La nuova mappa degli investimenti: tecnologia, difesa e il ritorno del vecchio continente

Michel Saugné, CIO, La Financière de l’Échiquier (LFDE) -

Il mondo di ieri, quello della globalizzazione felice, sembra definitivamente finito. Dopo la Pax Americana degli anni ‘90 e 2000, seguita dal tempo sospeso delle Banche centrali tra il 2008 e il 2020, siamo entrati in una nuova era. Quella delle “storie senza fine”: inflazione persistente, indebitamento a trecentosessanta gradi, invecchiamento demografico, calo della popolazione attiva, ripristino delle frontiere, ritorno del protezionismo, transizione energetica incerta, intelligenza artificiale imperante, tensioni geopolitiche esacerbate e una ripolarizzazione estrema delle società.

In questo contesto in perenne evoluzione, i mercati finanziari cercano nuovi punti di riferimento. La prima metà del 2025 è stata dominata dal ritorno in forze dell’Europa e dei Paesi emergenti sulla scena economica e borsistica. L’Eurozona, sostenuta da ambiziosi piani di rilancio, in primo luogo in Germania, premi di valutazione più ragionevoli e una netta sovraperformance degli stili Value e dei titoli domestici, potrebbe ritornare a occupare un ruolo di primo piano nelle allocazioni di portafoglio. Gli Stati Uniti dal canto loro sono alle prese con valutazioni eccessive, crescenti squilibri di bilancio e una maggiore incertezza politica dopo il ritorno di Trump. Se da un lato le “Big Tech” continuano a sostenere meccanicamente gli indici americani, dall’altro si conferma una dispersione elevata delle performance e non è escluso il rischio di un’ulteriore correzione.

La tecnologia, va detto, non è più un settore come tanti altri. Dagli anni ’90 a oggi, col favore di tre rivoluzioni consecutive – internet, social network e AI -, è diventata la spina dorsale delle società e delle economie moderne. Vita aziendale, salute, istruzione, informazione, transizione energetica, politica, sicurezza, difesa: la tecnologia imperante pervade ormai tutte le funzioni vitali delle nostre economie.Saperla padroneggiare è una condizione sine qua non di autonomia politica ed economica. L’Europa, per quanto abbia spesso dato l’impressione di essere in ritardo, dispone di una base tecnologica profonda e strategica, capace di competere in settori critici. Ma occorre individuare gli attori giusti, saperli affiancare e investirvi capitali con discernimento.

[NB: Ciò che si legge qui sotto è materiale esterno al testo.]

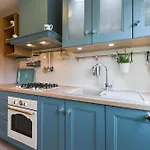 Spacious Chic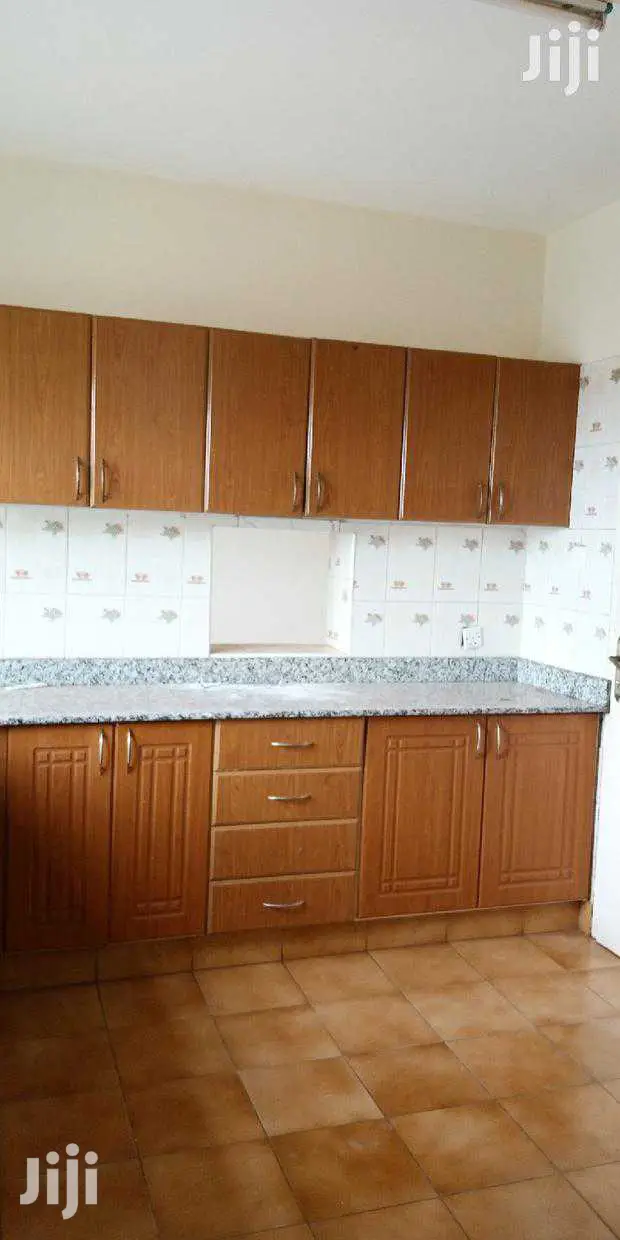 Town House For Rent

Al di là della tecnologia, oggi si impongono all’attenzione anche altre tematiche di investimento a medio-lungo termine. Le small e mid cap europee, a lungo trascurate, offrono nuove opportunità di generare performance: valutazioni a sconto, utili in crescita, un’esposizione nazionale suffragata da massicci piani di stimolo europei. E poi il settore della difesa, che beneficia di un sostegno politico inedito in un mondo che punta a un rapido riarmo: l’esempio di Rheinmetall illustra fino a che punto la geopolitica possa diventare un potente driver di rilancio in borsa. E in terzo luogo, sull’onda del refrain degli anni 2000 “Shanghai, Mumbai, Dubai or Goodbye”, il prossimo “remix” dei mercati finanziari potrebbero essere nuovamente i mercati emergenti che, sostenuti dalla debolezza del dollaro, il calo delle tariffe energetiche e una graduale riallocazione dei flussi globali, potrebbero uscire da un lungo tunnel di sottoperformance ventennale. Rimane un grande interrogativo: l’America.

Tra eccessi, incertezze (geo)politiche e fiscali e consumatori sotto pressione, il retail bull market potrebbe essere rivalutato, anche se il famoso “TACO trade” finora ha permesso di evitare una correzione duratura. In un mondo ritornato multipolare, instabile ma ricco di opportunità, l’investitore deve dare prova di discernimento, reattività e memoria. Perché se è vero che la Storia non si ripete mai veramente, spesso incespica. Spetta a noi, gestori patrimoniali, saperne approfittare al meglio.